Issue (i): Whether the Commercial Taxes Officer could invoke the rectification power under Rule 32 of the Rajasthan Entertainments and Advertisements Tax Rules, 1957 to amend the assessment orders on the basis of a mistake apparent from the record and direct repayment of the excess surcharge amount.
Analysis: The majority view held that the assessment orders themselves disclosed the excess surcharge collected and the consequential refund entry. The error was one that could be detected on a simple inspection of the record and did not require an elaborate inquiry. The expression "mistake apparent from the record" was treated as covering such an obvious error, and the rectification order was therefore within the scope of Rule 32.
Conclusion: The rectification under Rule 32 was valid and was rightly made.
Issue (ii): Whether the petitioners could retain the excess amount collected as surcharge or whether it was liable to be repaid to the department.

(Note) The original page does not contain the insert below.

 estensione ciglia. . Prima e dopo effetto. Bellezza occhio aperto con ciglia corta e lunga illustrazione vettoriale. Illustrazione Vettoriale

Analysis: The majority view applied the principle that amounts collected without authority of law cannot be retained by a private person. The excess surcharge was not legally collectible, and the doctrine of unjust enrichment could not be used by the Tribunal to deny relief where the statutory merits required the amount to be restored. The amount had already been refunded by adjustment, and the petitioners had no legal entitlement to keep it.
Conclusion: The petitioners were not entitled to retain the excess surcharge amount, and the department was entitled to recover it.
Final Conclusion: The challenge to the rectification and recovery action failed, and the petition was dismissed on the merits.
Ratio Decidendi: An obvious error disclosed by the assessment record can be rectified under the statutory rectification power, and excess amounts collected without authority of law cannot be retained by the collector.
Dissenting Opinion: Milap Chandra Jain, J. held that no mistake apparent from the record existed, that Rule 32 could not support the recovery order, and that the doctrine of unjust enrichment could not be invoked to deny the petitioners relief; on that view, the petition was allowed.